┌────────

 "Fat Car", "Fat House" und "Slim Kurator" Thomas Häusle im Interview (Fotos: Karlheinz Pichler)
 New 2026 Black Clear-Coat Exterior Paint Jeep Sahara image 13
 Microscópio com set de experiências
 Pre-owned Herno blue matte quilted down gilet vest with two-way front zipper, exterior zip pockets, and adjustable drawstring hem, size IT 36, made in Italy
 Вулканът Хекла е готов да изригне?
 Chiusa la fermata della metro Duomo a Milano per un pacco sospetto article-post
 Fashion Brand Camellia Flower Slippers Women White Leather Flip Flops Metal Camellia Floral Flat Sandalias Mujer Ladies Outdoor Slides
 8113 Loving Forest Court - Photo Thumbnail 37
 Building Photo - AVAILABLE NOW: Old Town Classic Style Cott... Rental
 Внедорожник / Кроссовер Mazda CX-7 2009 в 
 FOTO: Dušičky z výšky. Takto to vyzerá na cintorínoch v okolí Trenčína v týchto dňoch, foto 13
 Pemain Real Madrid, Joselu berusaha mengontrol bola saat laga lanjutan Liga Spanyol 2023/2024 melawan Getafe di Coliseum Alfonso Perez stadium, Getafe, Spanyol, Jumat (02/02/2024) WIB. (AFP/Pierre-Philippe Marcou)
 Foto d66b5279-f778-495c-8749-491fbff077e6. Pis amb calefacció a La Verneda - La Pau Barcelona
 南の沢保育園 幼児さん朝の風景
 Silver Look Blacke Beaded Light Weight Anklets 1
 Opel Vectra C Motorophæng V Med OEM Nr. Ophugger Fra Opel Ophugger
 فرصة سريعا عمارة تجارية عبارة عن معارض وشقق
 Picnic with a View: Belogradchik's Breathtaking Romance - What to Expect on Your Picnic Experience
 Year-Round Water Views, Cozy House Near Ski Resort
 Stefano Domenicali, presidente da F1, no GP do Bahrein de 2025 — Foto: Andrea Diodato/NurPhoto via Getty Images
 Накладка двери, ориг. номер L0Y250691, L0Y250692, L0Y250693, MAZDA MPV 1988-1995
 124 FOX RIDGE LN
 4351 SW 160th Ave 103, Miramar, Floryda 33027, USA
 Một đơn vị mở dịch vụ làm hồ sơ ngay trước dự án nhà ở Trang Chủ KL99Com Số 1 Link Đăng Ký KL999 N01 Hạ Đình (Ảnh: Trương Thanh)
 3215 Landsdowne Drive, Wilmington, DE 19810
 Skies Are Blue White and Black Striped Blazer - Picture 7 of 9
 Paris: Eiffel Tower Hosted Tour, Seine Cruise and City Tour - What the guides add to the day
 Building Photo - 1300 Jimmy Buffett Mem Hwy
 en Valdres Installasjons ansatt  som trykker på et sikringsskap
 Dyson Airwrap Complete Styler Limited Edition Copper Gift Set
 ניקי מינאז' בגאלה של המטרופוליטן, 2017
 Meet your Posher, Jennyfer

└────────

Could you reproduce exactly the lines of the entries above, from the one with "Stefano Domenicali, presidente" through the one with "Building Photo - 1300 Jimmy Buffett Mem Hwy", and nothing else?

REPLY TO THE EXERCISE>
 Stefano Domenicali, presidente da F1, no GP do Bahrein de 2025 — Foto: Andrea Diodato/NurPhoto via Getty Images
 Накладка двери, ориг. номер L0Y250691, L0Y250692, L0Y250693, MAZDA MPV 1988-1995
 124 FOX RIDGE LN
 4351 SW 160th Ave 103, Miramar, Floryda 33027, USA
 Một đơn vị mở dịch vụ làm hồ sơ ngay trước dự án nhà ở Trang Chủ KL99Com Số 1 Link Đăng Ký KL999 N01 Hạ Đình (Ảnh: Trương Thanh)
 3215 Landsdowne Drive, Wilmington, DE 19810
 Skies Are Blue White and Black Striped Blazer - Picture 7 of 9
 Paris: Eiffel Tower Hosted Tour, Seine Cruise and City Tour - What the guides add to the day
 Building Photo - 1300 Jimmy Buffett Mem Hwy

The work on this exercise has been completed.